I need a grid made up of pieces that look like a hat in tikz. Here is the piece with four hats. Could you help? Can we use a tikzlibrary for tiling of this?

aperiodic tiling

\documentclass[border=3pt]{standalone}

\usepackage{tikz}

\begin{document}
    
    
\begin{tikzpicture}[rotate=-0]
\def\ra{1}
    \coordinate(O) at(0,0);
\coordinate(A1) at(0:\ra);
\coordinate(A2) at(60:\ra);
\coordinate(A3) at(120:\ra);
\path(A2)--(A1)--([turn]-60:\ra/2)coordinate(A01);
\draw[fill=yellow!6, thick](O)--(A01)--(A1)--(A2)--++(-\ra/2,0)--++(0,\ra)--([turn]60:\ra)--([turn]90:\ra/2)--([turn]60:\ra/2)--([turn]-90:\ra)--++(0,-\ra)coordinate(A3)--++(\ra/2,0)coordinate(A4)--([turn]-60:\ra/2)coordinate(A5)--cycle;

\draw[fill=gray!6, thick](O)--(A5)--(A4)--(A3)--++(-\ra/2,0)--([turn]60:\ra/2)coordinate(B1)--([turn]90:\ra)coordinate(B2) --++(0,-\ra)coordinate(B3)--++(\ra/2,0)coordinate(B4)--([turn]-60:\ra/2)coordinate(B5)--([turn]90:\ra)coordinate(B6)--++(0,\ra)coordinate(B7)--++(\ra/2,0)coordinate(B8)--(A01)--cycle;

\draw[fill=purple!6, thick](A01)--(B8)--(B7)--(B6)--(B5)--([turn]90:\ra/2)coordinate(D1)--++(\ra, 0)--([turn]60:\ra/2)--([turn]-90:\ra)--([turn]60:\ra)--([turn]90:\ra/2)--++(-\ra/2,0)--++(0,\ra)--(A01); 

\draw[fill=teal!6, thick](B5)--(B4)--(B3)--(B2)--(B1)--([turn]90:\ra/2)coordinate(C1)--([turn]60:\ra/2)--([turn]-90:\ra)--++(0,-\ra)--([turn]90:\ra/2)--([turn]-60:\ra/2)--([turn]90:\ra)--([turn]-60:\ra)--(D1)--cycle;

\end{tikzpicture}

\end{document}
6
  • 2
    Interesting that someone came with that very new shape and asks for tiling it here.

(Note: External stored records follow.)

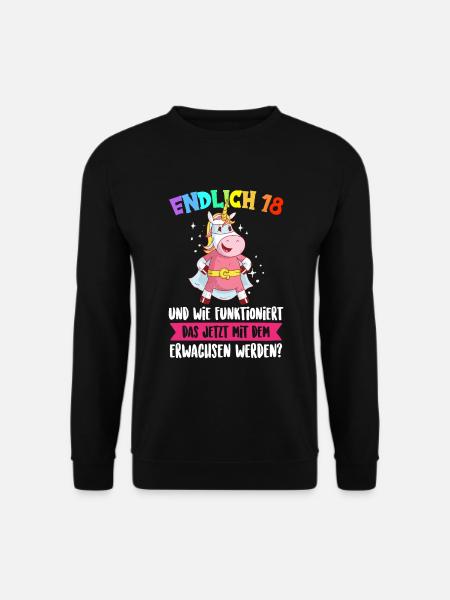 18 Geschenke Mädchen Junge 18. Geburtstag Spruch - Unisex Pullover - Schwarz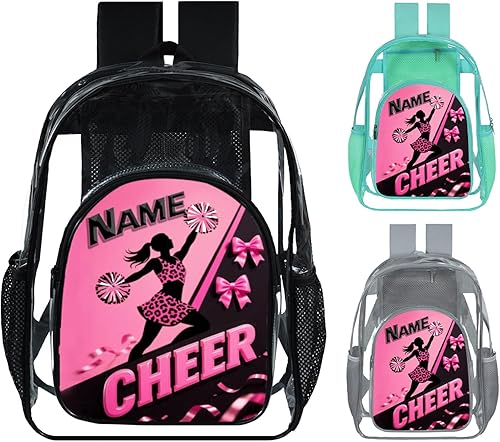 Miniatura 17 de Mochila transparente para niñas, mochila escolar personalizada con nombre de animadora para adolescentes, niños, mujeres y estudiantes Rojo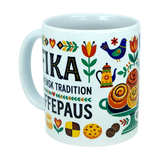 Discover the Mug: Fika — "En Svensk Tradition Kaffepaus" Swedish Fika Traditions Wraparound Ceramic Mug (11 oz) by Nordic Wholesale, featuring vibrant Scandinavian floral patterns, a bird, a teapot, iconic Swedish pastries, and the phrase "FIKA SVENSK TRADITION KAFFEPAUS" on a crisp white background—an ideal gift celebrating the beloved Swedish fika tradition.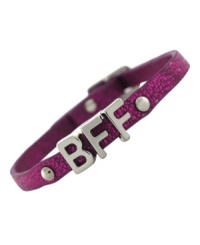 The perfect companion piece. BCBGeneration's BFF mini affirmation bracelet is crafted from silver-tone mixed metal on a metallic pink bracelet for a whimsical effect. Approximate length: 8 inches. The perfect companion piece. BCBGeneration's BFF mini affirmation bracelet is crafted from silver-tone mixed metal on a metallic pink bracelet for a whimsical effect. Approximate length: 8 inches.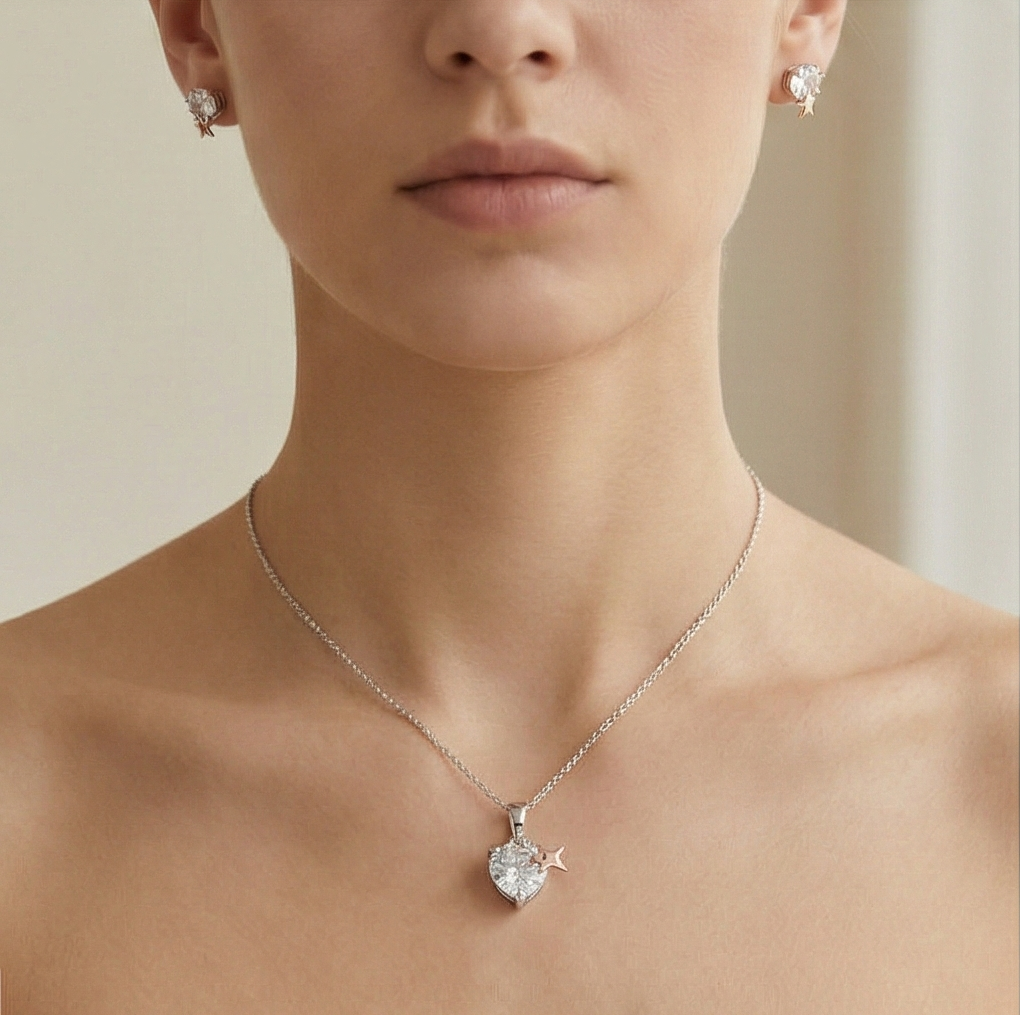 925 Sterling Silver Solitaire Pendant & Earrings Set With Rose Gold Star Jewellery For Women - Dual Tone Finish : AG02680079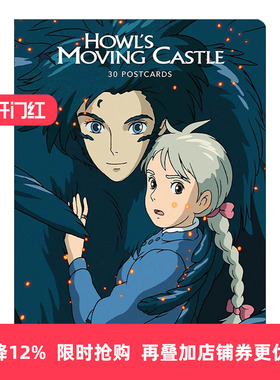 英文原版 Howl's Moving Castle 30 Postcards 哈尔的移动城堡 30张明信片 吉卜力工作室 英文版 进口英语原版书籍
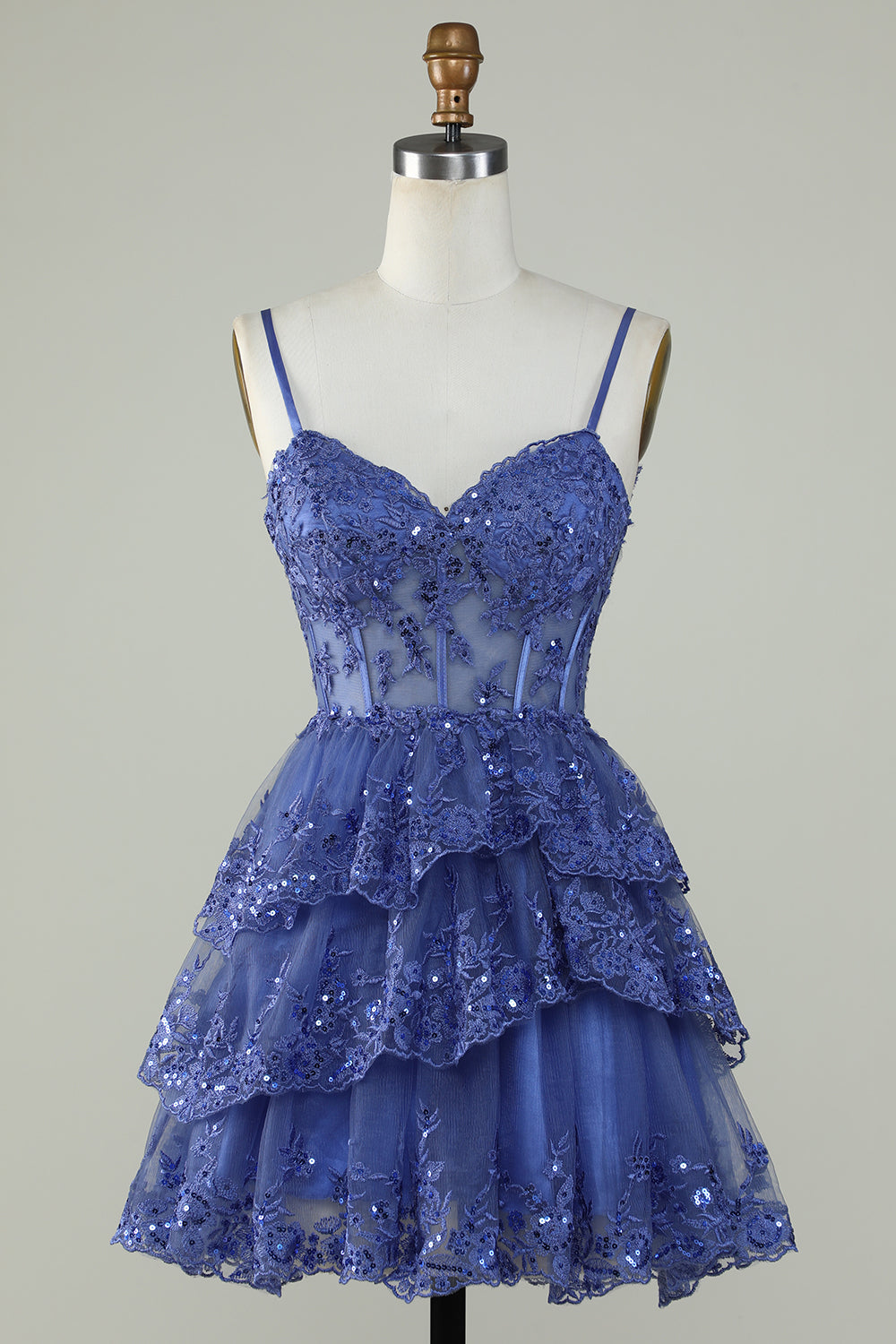 Cute Black A Line Sparkly Sequin Tiered Corset Short Homecoming Dress Beautiful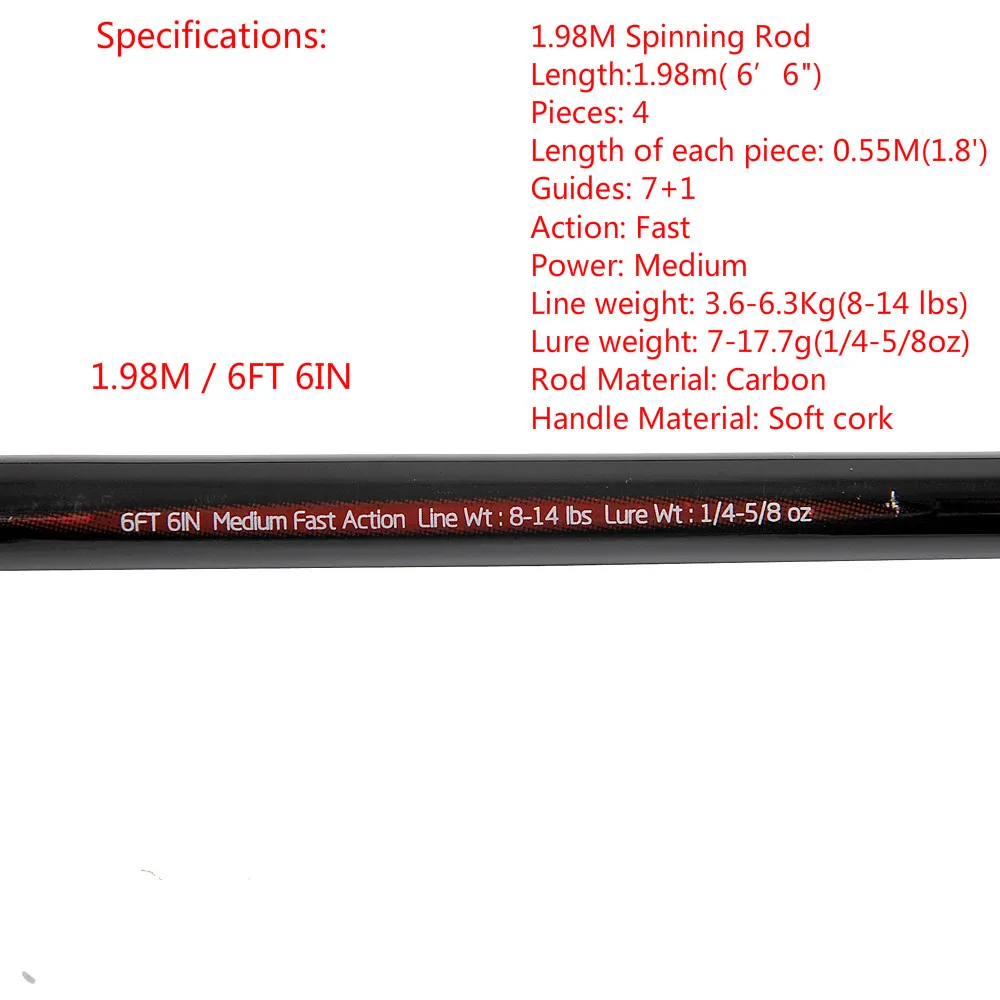 Fiblink углеродная спиннинговая Удочка 1,98, 2,1, 2,25 м, 4 секции, Canne Spining Rod, ультра-светильник, удочка для путешествий, удочка для ловли карпа, удочка для приманки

You need to use a pic to tile those. But when it comes to place them correctly, it could be challenging. Good question.
    – SebGlav
    Commented Apr 3, 2023 at 16:24
  • 1
    github.com/loopspace/penrose/commit/… Commented Apr 3, 2023 at 22:01
  • 2
    This is the "einstein" -- recently reported in the press. Eg sciencenews.org/article/mathematicians-discovered-einstein-tile The paper announcing the discovery has some details about how to create the tiling.
    – Thruston
    Commented Apr 3, 2023 at 22:17
  • 1
    I'm not keen on the "ein stein" pun since mathematics has enough of a problem with naming things after the wrong person, but even using it then this tile is an "ein stein", not the "ein stein" so it is better to use a more specific name for it. Commented Apr 3, 2023 at 22:26
  • You say Here is the piece with three hats but I see four of them (four rotated copies of the same shape). Did I misunderstand what you mean by a hat? Commented Apr 4, 2023 at 7:54

3 Answers 3

19

There is a TikZ library for this, originally designed for Penrose tilings from https://tex.stackexchange.com/a/440412/86, and I am in the process of updating it for the new tile. Currently, I have the hat and turtle with a command for defining a Tile(a,b), and the meta and super cluster tiles. I'm now working on the substitution system for the super clusters, and wondering about the subclusters.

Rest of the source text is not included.